Train a model for a new language

Question

Train a model for a new language

Opened this issue a month ago · 7 comments

I want to train a new programming language with a model. Without fine-tuning, it is completely impossible to output because it is an internal front-end framework and the open-source model does not have corresponding corpus. Now, I want to fine tune based on Qwen-2.5-Coder-32B and hope that the output component code can comply with the specifications in the internal framework documentation. And implement code writing. May I ask how to use Qwen-2.5-Coder-32B for training， Do we need to pretrain, or just fine tune based on Qwen-2.5-Coder-32B

Answer 1 · 2024-12-05T08:11:32.000Z

https://github.com/QwenLM/Qwen2.5-Coder/tree/main/finetuning

here are our finetuning scripts, you can try.
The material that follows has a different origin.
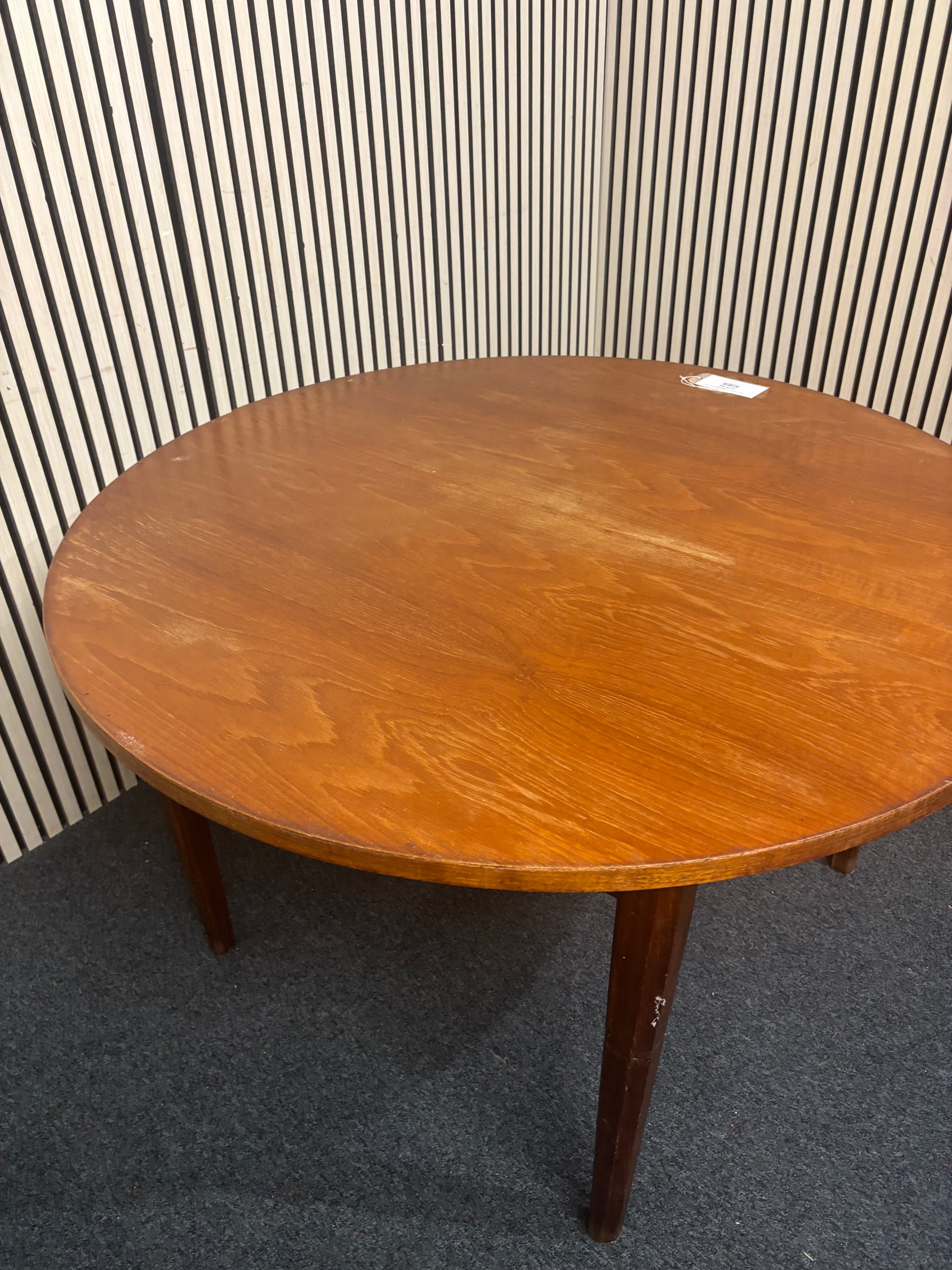 Large circular cherry wood extendable dining table (W 120cm unextended) 43481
pretraining or not depends on your demands and resources. We advise you to try first. Hoping to hear your successful implementation on Qwen-Coder :)

Answer 2 · 2024-12-05T12:16:50.000Z

Thank you for your reply. If I want to try fine tune Qwen-Coder, can I do it in two steps? The first step is to learn the basic grammar knowledge of the new language, first do grammar knowledge fine-tuning , and then second do instruction fine-tuning,Could you give me some training suggestions about this .thanks

Answer 3 · 2024-12-10T10:05:52.000Z

You can try the low-quality data in the first stage and high-quality data in the second sft stage. Maybe, it brings more improvement (https://arxiv.org/abs/2412.05210).

Answer 4 · 2024-12-11T07:20:24.000Z

Okay, thank you for your suggestion. I also have a question to ask. Should we use full parameter fine-tuning or based on Lora fine-tuning? Currently, GPU resources are not very sufficient, and I plan to use Lora fine-tuning. I'm not sure about the performance.

Answer 5 · 2024-12-16T03:36:13.000Z

both way is ok, i am not sure too :(

waiting for your feedback~

Answer 6 · 2024-12-16T07:21:10.000Z

OK,Thank you. If I do pre-training, is SFT's finetune script suitable for pre-training? I see that the source code only provides the finetune script. Can this script be used for pre-training?

Answer 7 · 2024-12-24T12:50:44.000Z

You need to modify the script yourself, such as turning off the ChatML format, packing the corpus, and so on.